How to improve the lives of subsidized housing tenants - Professor Prentiss Dantzler partners with Toronto Community Housing

April 14, 2022 by Suzanne Jaeger

One of the common goals that brings together University of Toronto Sociology Professor Prentiss Dantzler and the Toronto Community Housing Corporation (TCHC) is to find ways to provide tenants with affordable places to live. Data is needed to understand better the nuanced demographics and mobility patterns of those receiving housing subsidies. Their proposed study, funded with a SSHRC Partnership Engage grant (PEG), focuses on the influence of neighborhood dynamics on the mobility decisions of those with subsidized households.
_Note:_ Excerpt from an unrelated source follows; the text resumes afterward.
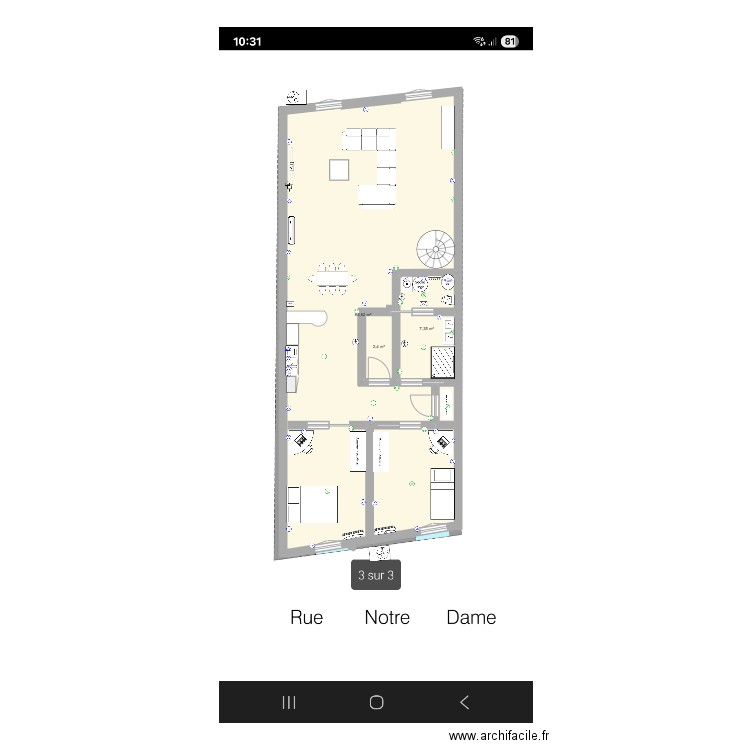 plan rdc. Plan de 3 pièces et 93 m2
The results will be a detailed analysis of the descriptive and inferential differences across distinct kinds of subsidy programs offered by the TCHC. The benefits of such knowledge are connected to prior research which ties residential stability with greater life satisfaction, civic participation, educational outcomes for children, and positive physical and mental health effects.

In size, TCHC is second only to New York City’s Housing Authority. It is mandated by the Province of Ontario’s Housing Services Act and operates approximately 350 high-rise and low-rise apartment buildings. It also manages units within 106 out of 140 Toronto neighborhoods, including single-family houses and cooperatives, as well as family and senior housing developments. Given the diversity in the assistance programs available through TCHC, data is essential to understand the differences across populations within each subsidy program and their respective neighborhoods. More information is needed to see the clustering of households in higher or lower income neighborhoods and the patterns of residential mobility, particularly because there are currently well over 80,000 applicants on TCHC’s waiting list for housing assistance.

Dantzler is using both quantitative and qualitative methodologies in collaboration with Erin Bradford, a TCHC Business Analyst.  This summer, with help from a PhD research assistant, they will conduct interviews with TCHC residents and administrators to look more closely at mobility decisions and perceptions around housing assistance including housing satisfaction.  Dantzler’s expertise on housing programs in the U.S. provides TCHC with a repertoire of insights into best practices for achieving their shared community-centered goals. For Dantzler, the beneficial results of the research will also include peer reviewed journal articles and other academic outputs.  However, “the real benefit,” says Dantzler, “is primarily to do impactful, engaged work on local issues…to be of service to others.”

Although the pandemic has caused delays in data collecting, some of the timing shifts have led to positive outcomes, for example, creating opportunities to integrate project research activities into undergraduate course work. Students in Dantzler’s Urban Policy class developed a technical report that assessed housing insecurity across the GTA in relation to current housing assistance programs. The report provides future policy recommendations in response to the global urban housing affordability crisis and will be delivered to TCHC by the end of May 2022, just in time for their organizational restructuring over the next several months.  By having the students work on this report, says Dantzler, “I am able to build capacity among our undergraduates to take part in more evaluation and policy-relevant work.”

Another already achieved outcome is the increased interest on the part of TCHC for conducting self-evaluation. A TCHC research advisory group is currently in development to consider the organization’s interests and distinctive needs for data collecting. Given recent findings on racial disparities for evictions across the GTA from the Wellesley Institute, Dantzler is also looking at how to evaluate eviction practices. Dantzler fully supports the TCHC’s goal to improve the lives of tenants living in subsidized housing.

Despite some pandemic-associated delays, the project is still on track to be completed by summer 2023.